L’épidémie d’Ebola en République démocratique du Congo : une situation alarmante
Le 25 mai 2026, le directeur général de l’Organisation mondiale de la santé (OMS), Tedros Adhanom Ghebreyesus, a qualifié l’épidémie d’Ebola en République démocratique du Congo (RDC) de « très grave et difficile » à gérer. Malgré les efforts des autorités sanitaires, il a souligné que « l’épidémie progressait très rapidement ».

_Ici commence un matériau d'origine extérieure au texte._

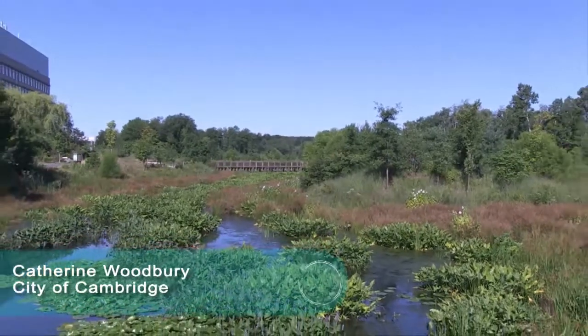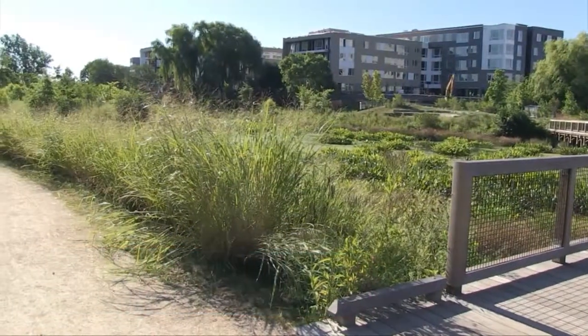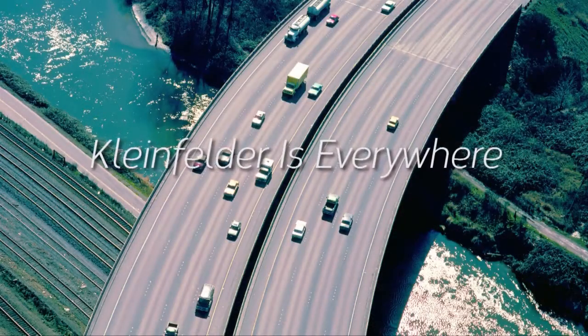We've had a long-term relationship with Kleinfelder. They provided us with a multidisciplinary consultant team that's in tune to the city's needs. Kleinfelder scales with capacity and innovation worldwide.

Lors d’une réunion en ligne organisée par l’Agence sanitaire de l’Union africaine, il a averti que le retard dans la détection de l’épidémie compliquait considérablement les interventions. « Nous tentons de rattraper une épidémie qui progresse plus vite que nous », a-t-il déclaré. Tedros a prévu de se rendre en RDC pour évaluer la situation sur le terrain.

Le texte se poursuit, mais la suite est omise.